— MATERIAL FOR THE TASK —
::::
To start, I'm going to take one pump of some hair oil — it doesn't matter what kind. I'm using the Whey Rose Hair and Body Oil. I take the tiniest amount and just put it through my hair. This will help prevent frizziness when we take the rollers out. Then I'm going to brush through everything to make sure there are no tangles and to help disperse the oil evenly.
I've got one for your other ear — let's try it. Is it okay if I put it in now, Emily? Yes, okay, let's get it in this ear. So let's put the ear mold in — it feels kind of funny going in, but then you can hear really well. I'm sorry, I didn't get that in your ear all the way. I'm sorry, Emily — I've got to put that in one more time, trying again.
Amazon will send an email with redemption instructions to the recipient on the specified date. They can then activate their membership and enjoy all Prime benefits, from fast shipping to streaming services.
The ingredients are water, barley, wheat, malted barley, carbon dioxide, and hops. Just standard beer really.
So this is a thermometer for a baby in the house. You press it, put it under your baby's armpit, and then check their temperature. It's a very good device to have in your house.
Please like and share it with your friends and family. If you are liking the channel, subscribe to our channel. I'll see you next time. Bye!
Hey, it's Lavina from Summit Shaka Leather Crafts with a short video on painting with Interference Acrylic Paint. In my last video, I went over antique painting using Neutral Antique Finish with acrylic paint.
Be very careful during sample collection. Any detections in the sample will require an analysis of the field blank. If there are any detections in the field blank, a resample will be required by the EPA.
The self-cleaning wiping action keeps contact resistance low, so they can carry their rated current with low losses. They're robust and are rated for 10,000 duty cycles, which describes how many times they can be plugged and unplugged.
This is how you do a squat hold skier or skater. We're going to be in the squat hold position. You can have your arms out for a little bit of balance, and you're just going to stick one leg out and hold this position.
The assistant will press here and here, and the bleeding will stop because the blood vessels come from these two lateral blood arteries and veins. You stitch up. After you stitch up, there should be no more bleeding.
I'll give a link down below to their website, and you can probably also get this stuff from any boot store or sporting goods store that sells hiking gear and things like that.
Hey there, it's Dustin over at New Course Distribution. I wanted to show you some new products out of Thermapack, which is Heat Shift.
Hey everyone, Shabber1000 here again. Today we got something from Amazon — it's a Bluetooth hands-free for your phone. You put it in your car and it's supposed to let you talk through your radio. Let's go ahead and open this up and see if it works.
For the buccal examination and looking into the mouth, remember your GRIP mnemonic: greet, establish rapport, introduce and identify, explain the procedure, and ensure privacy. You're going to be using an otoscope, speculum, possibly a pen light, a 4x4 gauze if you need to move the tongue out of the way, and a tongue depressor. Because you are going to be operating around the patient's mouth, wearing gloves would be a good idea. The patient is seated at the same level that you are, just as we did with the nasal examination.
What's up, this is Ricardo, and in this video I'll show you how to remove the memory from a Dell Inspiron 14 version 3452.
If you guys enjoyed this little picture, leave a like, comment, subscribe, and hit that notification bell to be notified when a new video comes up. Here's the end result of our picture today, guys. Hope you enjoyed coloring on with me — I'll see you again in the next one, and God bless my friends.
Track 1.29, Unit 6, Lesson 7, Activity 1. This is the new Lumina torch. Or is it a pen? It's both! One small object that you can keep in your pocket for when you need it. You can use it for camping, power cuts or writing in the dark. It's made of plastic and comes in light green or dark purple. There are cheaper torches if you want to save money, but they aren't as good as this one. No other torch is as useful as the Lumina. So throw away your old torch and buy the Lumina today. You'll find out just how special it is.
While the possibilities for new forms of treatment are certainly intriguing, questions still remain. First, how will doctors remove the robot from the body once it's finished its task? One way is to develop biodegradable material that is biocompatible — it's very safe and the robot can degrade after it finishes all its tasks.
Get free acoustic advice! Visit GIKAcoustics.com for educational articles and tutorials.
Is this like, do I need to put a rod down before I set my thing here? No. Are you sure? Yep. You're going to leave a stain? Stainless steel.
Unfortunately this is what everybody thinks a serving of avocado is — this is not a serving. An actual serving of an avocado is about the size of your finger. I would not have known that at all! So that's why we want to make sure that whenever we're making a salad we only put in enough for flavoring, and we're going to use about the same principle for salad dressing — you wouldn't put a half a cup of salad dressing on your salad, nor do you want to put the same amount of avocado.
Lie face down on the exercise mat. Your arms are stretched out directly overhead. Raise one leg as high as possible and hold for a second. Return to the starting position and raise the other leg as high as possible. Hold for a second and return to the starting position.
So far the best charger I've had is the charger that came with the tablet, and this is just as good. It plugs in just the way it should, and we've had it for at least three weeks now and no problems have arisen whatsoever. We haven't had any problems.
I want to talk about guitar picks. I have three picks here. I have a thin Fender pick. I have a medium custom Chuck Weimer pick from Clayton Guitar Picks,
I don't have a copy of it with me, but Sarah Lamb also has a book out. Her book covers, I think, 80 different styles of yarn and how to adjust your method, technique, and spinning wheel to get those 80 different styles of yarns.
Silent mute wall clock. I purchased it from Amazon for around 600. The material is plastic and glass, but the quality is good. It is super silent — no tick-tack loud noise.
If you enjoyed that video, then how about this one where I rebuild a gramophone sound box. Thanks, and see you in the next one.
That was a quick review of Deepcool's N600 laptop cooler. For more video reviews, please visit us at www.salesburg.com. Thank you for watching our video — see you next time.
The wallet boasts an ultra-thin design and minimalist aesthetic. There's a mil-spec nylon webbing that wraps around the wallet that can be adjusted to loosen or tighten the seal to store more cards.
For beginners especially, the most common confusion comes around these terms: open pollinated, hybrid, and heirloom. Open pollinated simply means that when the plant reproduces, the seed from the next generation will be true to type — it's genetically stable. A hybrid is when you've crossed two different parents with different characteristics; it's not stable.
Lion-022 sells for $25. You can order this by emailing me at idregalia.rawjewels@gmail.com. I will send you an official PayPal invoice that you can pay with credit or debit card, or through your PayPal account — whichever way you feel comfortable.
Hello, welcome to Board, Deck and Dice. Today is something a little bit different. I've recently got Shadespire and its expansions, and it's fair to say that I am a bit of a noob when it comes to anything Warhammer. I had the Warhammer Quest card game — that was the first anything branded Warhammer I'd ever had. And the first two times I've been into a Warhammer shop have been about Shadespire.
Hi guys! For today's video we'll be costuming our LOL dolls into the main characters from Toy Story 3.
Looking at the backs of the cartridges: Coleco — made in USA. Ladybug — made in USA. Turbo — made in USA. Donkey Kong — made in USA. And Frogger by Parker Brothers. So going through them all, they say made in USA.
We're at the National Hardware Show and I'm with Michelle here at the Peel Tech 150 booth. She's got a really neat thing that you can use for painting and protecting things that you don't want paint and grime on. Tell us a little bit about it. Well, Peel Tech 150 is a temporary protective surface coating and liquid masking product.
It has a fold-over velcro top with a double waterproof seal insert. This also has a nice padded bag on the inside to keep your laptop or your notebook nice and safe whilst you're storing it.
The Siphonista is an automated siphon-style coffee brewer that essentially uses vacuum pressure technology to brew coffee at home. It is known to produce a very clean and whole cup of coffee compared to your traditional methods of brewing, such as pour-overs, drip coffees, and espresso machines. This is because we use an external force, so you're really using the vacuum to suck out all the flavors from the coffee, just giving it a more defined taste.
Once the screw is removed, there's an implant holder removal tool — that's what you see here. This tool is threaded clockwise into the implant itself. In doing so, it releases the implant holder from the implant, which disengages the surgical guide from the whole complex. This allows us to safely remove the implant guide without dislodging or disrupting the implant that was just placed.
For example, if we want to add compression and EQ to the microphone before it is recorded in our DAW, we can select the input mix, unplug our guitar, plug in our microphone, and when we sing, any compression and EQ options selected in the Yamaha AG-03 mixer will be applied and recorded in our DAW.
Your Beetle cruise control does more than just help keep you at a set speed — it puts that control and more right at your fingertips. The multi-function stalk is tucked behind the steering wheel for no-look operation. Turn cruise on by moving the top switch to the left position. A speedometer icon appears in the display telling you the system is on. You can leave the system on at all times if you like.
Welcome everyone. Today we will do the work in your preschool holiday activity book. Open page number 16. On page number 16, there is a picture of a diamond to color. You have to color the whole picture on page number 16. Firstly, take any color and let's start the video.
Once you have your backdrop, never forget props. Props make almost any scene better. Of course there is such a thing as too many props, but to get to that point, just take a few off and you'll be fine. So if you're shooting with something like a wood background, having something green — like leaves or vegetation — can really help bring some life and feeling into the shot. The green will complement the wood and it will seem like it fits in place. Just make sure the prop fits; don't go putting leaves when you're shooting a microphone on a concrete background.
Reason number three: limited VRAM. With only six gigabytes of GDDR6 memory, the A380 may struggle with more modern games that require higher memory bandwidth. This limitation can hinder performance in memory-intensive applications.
::::
— DIRECTIONS —
Out of the data above, give again only the lines starting at the one holding "It has a fold-over" and ending at the one holding "Once the screw", unchanged.

— COMPLETED TASK —
It has a fold-over velcro top with a double waterproof seal insert. This also has a nice padded bag on the inside to keep your laptop or your notebook nice and safe whilst you're storing it.
The Siphonista is an automated siphon-style coffee brewer that essentially uses vacuum pressure technology to brew coffee at home. It is known to produce a very clean and whole cup of coffee compared to your traditional methods of brewing, such as pour-overs, drip coffees, and espresso machines. This is because we use an external force, so you're really using the vacuum to suck out all the flavors from the coffee, just giving it a more defined taste.
Once the screw is removed, there's an implant holder removal tool — that's what you see here. This tool is threaded clockwise into the implant itself. In doing so, it releases the implant holder from the implant, which disengages the surgical guide from the whole complex. This allows us to safely remove the implant guide without dislodging or disrupting the implant that was just placed.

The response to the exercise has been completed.